本当ならヘルプに飲ませりゃ良いんだが、この客だけはちと厄介で、「恭二に入れたお酒なんだから恭二が全部飲まなきゃ嫌よ!」とか言い出す困ったちゃんだ。


『恭二素敵ぃ!相変わらず良い飲みっぷりね…もう1本入れちゃおっかなぁ♪』

「も、もう1本!?そろそろ俺の肝臓が使いもんにならなく……」

『いらないのぉ?ド・ン・ペ・リ♪』

「ありがとう、姫。愛してるよ」


我慢しろ俺、これ飲んだらすぐに………便所に直行だ!!



――――


―何だ?

―身体が重い

―頭が…



「ん……痛ってぇ…」

少しずつ目を開くと、ぼやけた視界がゆっくりとクリアになり、暗がりの中に見慣れたゴールドのシャンデリアが浮かび上がった。


「今…何時だ……俺は…」


「…………午前5時」


背後から聞き覚えのある声が聞こえた。

反射的に首を後方へ向けると頭にズキンと重い痛みが走る。

それは正しく二日酔いの前兆だが、心なしかまだふわふわと宙を漂う感覚が残っていた。


「土屋…何でお前…」

「…………ラストの客の会計の後、倒れた」


あぁ、バカな飲み方したからな。ツブれて当然だ。
そうか、コイツが介抱してくれたのか…。


「…………大事なczストを置いて、店を閉める訳にはいかない」

「acホスト…?」


何が何だかわからない。

スタッフが残ってるのはわかるが、どうしてよりにもよってコイツなんだ。
それにczストってのは10位以内の奴の事だろう?俺は圏外のはずで…


「…………売り上げを集計した」


土屋はまだ寝たきりでソファから起き上がれない俺の横にストンと座り、仰向けの俺の顔に1枚の紙切れを乗せた。

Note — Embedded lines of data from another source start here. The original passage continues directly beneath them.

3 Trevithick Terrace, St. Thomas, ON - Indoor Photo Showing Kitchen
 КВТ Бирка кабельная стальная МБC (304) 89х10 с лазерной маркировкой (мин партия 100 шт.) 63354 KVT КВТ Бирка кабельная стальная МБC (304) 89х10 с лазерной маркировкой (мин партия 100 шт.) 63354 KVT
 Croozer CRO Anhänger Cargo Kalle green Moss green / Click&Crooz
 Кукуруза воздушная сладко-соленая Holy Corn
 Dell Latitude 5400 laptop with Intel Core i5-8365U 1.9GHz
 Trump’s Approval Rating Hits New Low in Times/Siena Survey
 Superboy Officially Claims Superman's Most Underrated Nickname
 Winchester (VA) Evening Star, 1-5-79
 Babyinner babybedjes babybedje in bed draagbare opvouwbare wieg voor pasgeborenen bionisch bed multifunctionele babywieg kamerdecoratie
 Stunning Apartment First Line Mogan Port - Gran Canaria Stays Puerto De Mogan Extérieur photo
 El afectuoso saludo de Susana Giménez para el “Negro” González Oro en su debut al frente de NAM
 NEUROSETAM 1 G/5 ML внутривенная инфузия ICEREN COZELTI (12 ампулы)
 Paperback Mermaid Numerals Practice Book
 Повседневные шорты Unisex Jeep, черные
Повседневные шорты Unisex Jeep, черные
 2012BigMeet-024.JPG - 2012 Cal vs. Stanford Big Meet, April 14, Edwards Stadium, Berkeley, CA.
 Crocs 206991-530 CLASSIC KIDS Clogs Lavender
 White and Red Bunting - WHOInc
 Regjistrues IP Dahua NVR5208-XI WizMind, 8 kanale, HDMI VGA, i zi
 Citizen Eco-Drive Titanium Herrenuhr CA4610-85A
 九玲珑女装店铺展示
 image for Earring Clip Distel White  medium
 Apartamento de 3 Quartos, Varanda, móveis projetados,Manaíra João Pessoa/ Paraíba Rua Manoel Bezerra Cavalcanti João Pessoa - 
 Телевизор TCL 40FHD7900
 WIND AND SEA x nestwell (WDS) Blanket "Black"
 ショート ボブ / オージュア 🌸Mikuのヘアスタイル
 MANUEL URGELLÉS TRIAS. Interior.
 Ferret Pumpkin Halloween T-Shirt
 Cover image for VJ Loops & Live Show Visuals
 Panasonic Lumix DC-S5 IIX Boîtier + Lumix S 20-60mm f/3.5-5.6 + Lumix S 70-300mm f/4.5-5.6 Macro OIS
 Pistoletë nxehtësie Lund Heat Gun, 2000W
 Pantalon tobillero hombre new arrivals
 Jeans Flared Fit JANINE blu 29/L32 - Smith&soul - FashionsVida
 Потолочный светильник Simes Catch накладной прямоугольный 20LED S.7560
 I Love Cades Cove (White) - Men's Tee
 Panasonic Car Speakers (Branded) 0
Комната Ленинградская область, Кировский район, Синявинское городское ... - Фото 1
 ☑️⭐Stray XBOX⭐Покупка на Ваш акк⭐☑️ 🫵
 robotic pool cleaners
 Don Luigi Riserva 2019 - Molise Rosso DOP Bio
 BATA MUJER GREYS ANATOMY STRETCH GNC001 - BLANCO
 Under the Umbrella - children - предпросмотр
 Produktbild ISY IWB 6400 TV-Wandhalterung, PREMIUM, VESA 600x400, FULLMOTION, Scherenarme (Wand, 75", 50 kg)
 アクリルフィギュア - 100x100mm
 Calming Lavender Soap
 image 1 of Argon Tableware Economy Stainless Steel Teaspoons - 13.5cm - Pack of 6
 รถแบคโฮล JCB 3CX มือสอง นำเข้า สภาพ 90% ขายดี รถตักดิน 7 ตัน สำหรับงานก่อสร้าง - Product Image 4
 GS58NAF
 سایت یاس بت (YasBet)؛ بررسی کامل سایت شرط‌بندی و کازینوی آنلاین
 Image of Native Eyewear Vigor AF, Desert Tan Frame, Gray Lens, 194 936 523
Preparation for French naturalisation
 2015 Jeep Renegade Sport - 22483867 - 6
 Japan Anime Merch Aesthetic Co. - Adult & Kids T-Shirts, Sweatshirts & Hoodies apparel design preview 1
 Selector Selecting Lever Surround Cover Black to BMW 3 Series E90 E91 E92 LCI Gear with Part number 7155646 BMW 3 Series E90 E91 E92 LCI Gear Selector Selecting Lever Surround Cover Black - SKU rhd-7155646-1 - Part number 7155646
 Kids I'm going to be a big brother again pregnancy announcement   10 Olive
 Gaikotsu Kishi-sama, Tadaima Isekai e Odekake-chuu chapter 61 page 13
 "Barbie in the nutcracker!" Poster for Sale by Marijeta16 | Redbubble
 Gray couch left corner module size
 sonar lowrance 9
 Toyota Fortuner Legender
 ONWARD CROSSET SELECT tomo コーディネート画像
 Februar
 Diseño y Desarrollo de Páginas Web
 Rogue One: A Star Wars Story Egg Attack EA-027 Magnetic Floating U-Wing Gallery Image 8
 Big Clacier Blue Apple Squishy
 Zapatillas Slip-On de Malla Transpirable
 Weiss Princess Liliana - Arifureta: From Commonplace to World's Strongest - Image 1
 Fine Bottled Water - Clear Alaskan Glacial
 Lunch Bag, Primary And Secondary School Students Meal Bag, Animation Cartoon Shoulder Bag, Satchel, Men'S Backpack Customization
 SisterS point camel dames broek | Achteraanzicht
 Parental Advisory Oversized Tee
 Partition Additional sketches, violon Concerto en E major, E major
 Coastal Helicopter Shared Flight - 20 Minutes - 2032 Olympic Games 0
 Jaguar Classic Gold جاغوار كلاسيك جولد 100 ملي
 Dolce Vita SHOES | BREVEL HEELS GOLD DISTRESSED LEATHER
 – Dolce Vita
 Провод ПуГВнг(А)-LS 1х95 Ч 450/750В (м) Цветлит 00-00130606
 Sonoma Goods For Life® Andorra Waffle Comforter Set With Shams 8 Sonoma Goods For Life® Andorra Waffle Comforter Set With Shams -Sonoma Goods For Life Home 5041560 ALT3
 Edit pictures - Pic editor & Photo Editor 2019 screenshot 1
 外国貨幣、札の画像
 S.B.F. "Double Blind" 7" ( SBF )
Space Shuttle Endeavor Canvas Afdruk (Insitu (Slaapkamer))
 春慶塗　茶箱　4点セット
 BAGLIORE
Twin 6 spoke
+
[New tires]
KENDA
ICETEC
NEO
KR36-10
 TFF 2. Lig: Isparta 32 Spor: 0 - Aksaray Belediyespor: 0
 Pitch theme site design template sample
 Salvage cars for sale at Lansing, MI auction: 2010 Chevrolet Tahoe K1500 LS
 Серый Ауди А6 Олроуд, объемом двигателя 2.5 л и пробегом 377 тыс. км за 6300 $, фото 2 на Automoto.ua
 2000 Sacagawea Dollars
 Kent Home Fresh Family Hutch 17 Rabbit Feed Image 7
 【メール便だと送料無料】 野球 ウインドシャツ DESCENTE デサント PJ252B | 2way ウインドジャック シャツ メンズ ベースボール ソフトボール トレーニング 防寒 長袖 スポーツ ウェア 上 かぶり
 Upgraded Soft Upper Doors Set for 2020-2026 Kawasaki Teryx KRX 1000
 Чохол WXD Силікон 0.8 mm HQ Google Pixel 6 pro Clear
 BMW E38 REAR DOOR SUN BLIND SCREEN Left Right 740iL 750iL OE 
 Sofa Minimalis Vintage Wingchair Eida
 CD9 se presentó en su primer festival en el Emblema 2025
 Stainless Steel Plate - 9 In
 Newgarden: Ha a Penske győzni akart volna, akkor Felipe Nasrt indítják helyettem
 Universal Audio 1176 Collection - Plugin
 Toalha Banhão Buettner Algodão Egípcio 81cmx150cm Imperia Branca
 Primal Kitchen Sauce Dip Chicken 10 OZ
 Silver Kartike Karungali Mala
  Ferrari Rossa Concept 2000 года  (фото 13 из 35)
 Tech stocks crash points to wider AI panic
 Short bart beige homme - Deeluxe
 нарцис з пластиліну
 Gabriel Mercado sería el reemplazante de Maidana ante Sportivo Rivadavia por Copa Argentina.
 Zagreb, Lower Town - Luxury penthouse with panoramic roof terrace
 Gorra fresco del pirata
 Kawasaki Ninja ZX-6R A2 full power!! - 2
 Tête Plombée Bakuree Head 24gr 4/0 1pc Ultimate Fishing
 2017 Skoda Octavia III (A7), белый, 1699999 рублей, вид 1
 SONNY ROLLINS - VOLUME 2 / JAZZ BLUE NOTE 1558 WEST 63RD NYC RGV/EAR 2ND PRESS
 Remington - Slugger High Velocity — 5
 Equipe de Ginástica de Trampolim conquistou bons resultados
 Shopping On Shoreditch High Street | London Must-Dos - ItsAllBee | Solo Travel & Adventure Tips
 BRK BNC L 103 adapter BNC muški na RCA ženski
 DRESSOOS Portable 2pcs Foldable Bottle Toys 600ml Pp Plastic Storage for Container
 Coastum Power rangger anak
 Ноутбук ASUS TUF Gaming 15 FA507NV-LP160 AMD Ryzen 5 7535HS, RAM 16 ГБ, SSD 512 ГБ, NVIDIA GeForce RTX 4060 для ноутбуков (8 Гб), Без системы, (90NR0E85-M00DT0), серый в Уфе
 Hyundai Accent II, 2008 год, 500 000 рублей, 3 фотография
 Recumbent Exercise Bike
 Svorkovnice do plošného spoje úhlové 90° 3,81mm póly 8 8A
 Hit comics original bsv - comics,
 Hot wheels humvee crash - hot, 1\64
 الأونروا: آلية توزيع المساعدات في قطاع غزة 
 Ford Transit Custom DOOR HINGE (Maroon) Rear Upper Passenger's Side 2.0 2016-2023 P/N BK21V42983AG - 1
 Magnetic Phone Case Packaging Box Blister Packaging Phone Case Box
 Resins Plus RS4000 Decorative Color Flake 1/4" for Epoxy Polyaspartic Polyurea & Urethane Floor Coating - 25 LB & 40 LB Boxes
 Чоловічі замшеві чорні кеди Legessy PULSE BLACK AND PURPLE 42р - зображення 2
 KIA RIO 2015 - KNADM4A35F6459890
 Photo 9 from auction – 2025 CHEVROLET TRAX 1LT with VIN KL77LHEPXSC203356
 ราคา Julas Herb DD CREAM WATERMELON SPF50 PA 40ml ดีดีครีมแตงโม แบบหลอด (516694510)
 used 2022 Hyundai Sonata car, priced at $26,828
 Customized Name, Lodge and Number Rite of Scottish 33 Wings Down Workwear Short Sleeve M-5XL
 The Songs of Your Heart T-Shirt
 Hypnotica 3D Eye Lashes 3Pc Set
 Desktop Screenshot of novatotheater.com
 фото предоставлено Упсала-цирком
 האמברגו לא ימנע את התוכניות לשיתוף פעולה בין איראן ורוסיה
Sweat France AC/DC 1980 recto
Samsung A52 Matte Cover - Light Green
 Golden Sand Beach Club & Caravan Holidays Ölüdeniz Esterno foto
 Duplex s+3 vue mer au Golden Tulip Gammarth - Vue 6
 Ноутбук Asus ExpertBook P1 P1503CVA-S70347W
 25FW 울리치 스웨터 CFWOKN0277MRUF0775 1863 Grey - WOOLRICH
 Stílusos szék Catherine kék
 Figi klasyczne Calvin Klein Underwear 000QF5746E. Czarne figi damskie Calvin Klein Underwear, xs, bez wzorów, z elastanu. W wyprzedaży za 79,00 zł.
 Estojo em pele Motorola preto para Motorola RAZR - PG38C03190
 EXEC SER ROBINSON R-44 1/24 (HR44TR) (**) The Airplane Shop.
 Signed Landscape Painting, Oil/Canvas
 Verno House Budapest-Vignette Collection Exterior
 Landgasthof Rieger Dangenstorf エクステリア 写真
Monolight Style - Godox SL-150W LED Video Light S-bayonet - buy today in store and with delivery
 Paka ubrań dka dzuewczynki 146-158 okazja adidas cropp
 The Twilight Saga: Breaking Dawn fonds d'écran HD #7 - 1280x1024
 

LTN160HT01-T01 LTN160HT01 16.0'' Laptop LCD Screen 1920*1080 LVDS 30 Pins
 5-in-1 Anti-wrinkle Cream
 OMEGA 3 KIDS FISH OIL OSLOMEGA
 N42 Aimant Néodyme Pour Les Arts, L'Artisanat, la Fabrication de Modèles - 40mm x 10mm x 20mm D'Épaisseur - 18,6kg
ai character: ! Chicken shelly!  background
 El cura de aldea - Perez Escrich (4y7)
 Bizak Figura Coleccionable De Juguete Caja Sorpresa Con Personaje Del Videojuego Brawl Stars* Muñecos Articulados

「ぶわっ!何すんだ…って、何だよこれ…? おい、これ…!!」
 
目の前にはこの2ヶ月間、見たこ事も無い桁と数字が並んでいた。


「…………6位だ。おめでとう恭二」


6位…?俺が?

開いた口が塞がらない。見間違いかとも思ったが、手にした紙に書かれた棒グラフの数字は間違いなく今までの3倍近い売上を記録していた。